━━ GIVEN RECORDS ━━

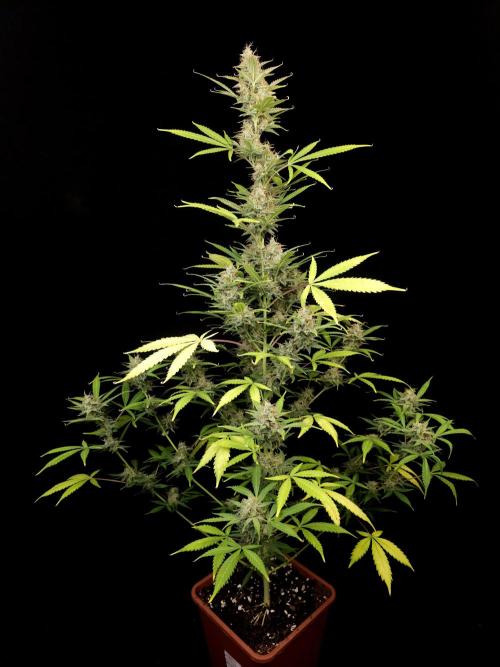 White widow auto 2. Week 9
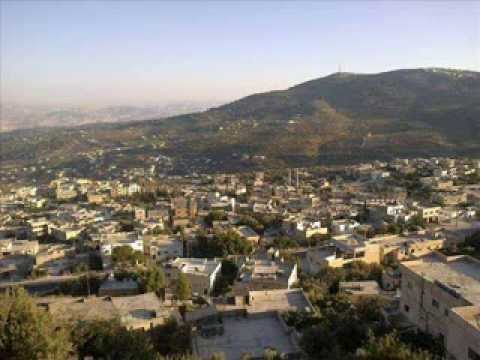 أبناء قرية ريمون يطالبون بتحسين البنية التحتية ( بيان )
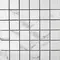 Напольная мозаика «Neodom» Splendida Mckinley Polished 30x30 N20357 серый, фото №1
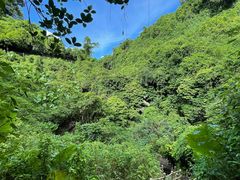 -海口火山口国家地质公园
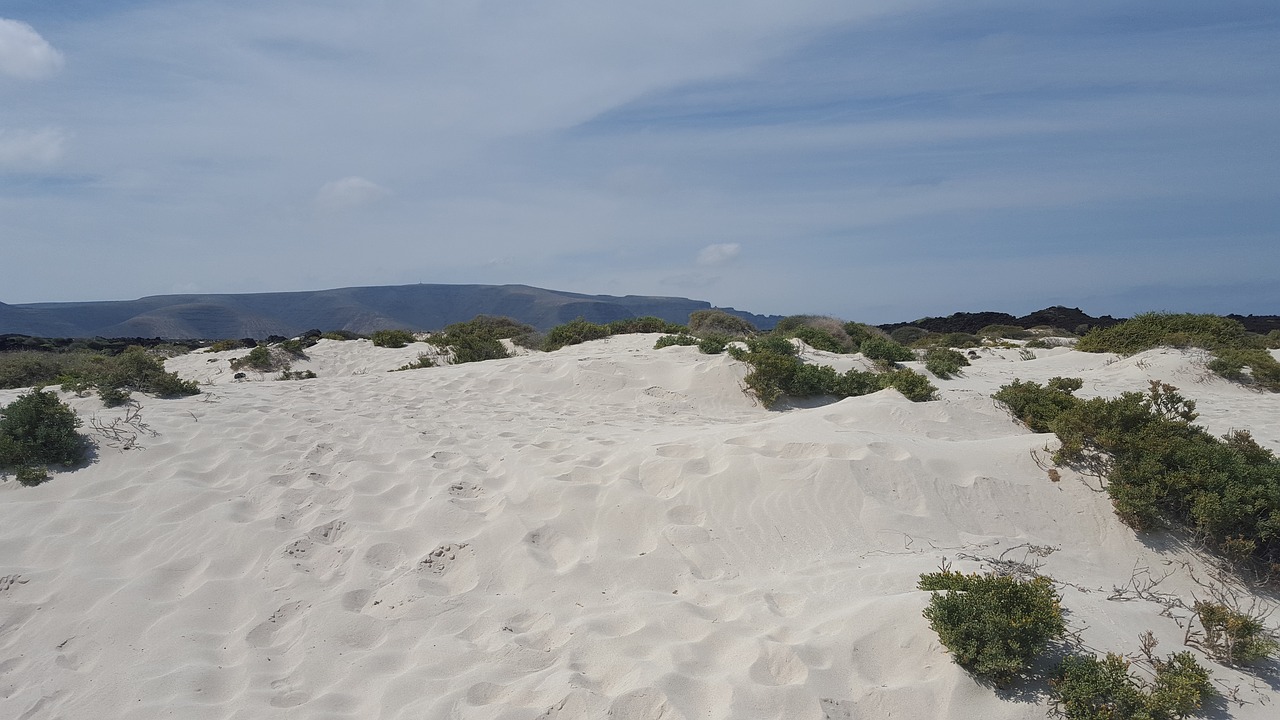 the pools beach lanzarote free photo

━━━
━━ GIVEN RECORDS ━━

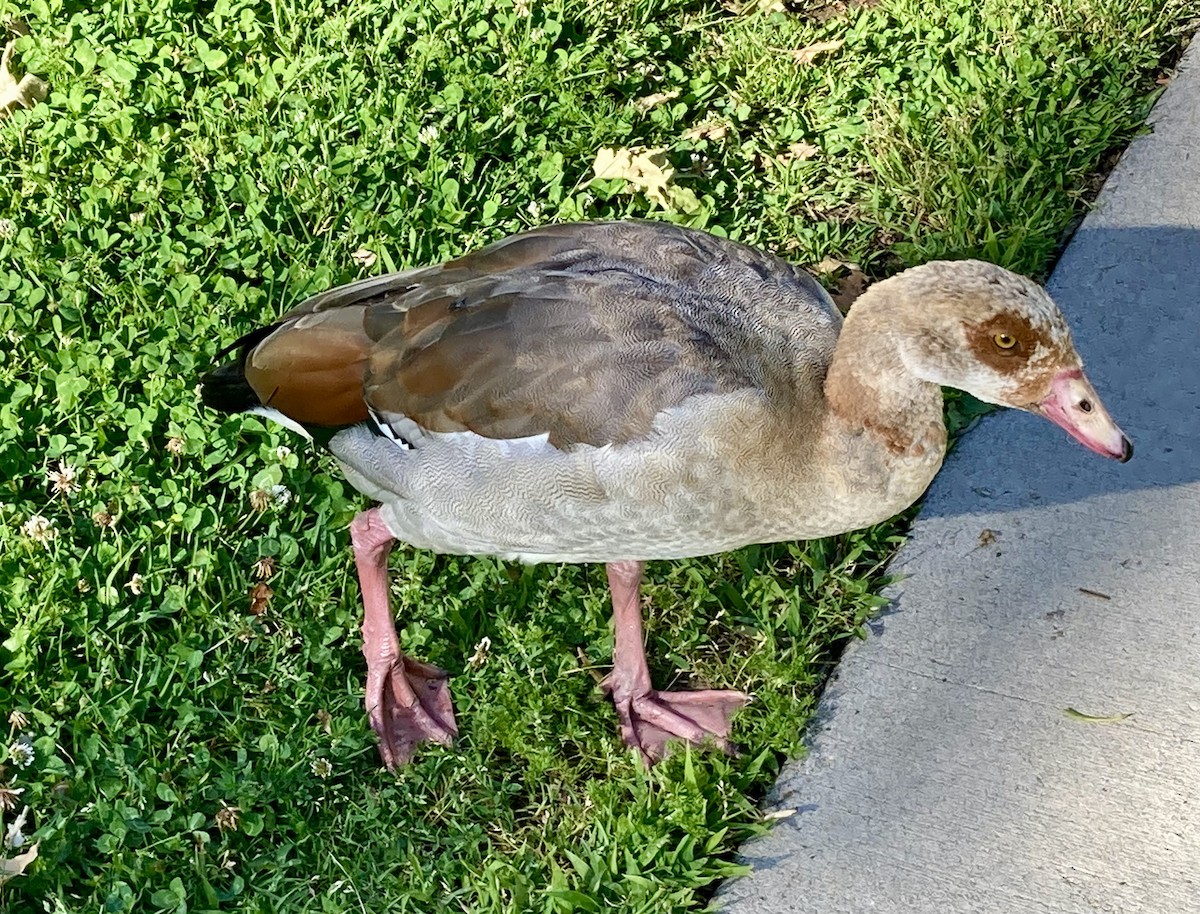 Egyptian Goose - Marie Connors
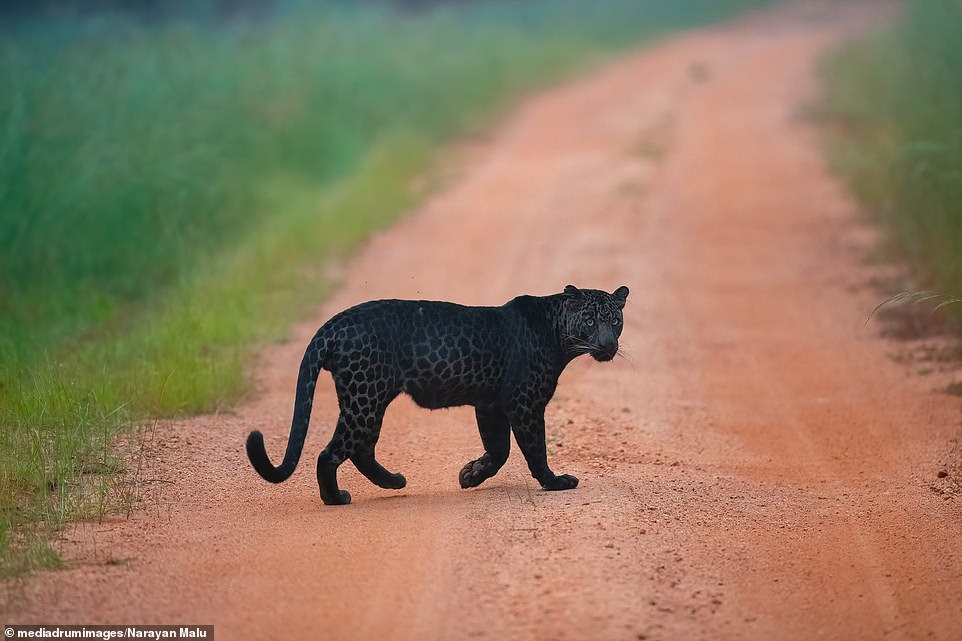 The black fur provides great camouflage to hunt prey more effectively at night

━━━
━━ GIVEN RECORDS ━━

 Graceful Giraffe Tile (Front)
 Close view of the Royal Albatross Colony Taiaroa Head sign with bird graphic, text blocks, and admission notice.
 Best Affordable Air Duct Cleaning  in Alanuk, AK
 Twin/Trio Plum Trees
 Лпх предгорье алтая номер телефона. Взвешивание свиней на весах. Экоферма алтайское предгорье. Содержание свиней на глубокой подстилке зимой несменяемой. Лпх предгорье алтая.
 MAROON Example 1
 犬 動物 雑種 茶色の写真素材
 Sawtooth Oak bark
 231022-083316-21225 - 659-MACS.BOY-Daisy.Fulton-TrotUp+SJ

━━━

▸ **EXERCISE DIRECTIONS**: Going back over the entries above, copy word for word every line from the one that has "Twin/Trio Plum Trees" on through the one that has "231022-083316-21225 - 659-MACS.BOY-Daisy.Fulton-TrotUp+SJ".

▸ **RESULT OF THE TASK**:
 Twin/Trio Plum Trees
 Лпх предгорье алтая номер телефона. Взвешивание свиней на весах. Экоферма алтайское предгорье. Содержание свиней на глубокой подстилке зимой несменяемой. Лпх предгорье алтая.
 MAROON Example 1
 犬 動物 雑種 茶色の写真素材
 Sawtooth Oak bark
 231022-083316-21225 - 659-MACS.BOY-Daisy.Fulton-TrotUp+SJ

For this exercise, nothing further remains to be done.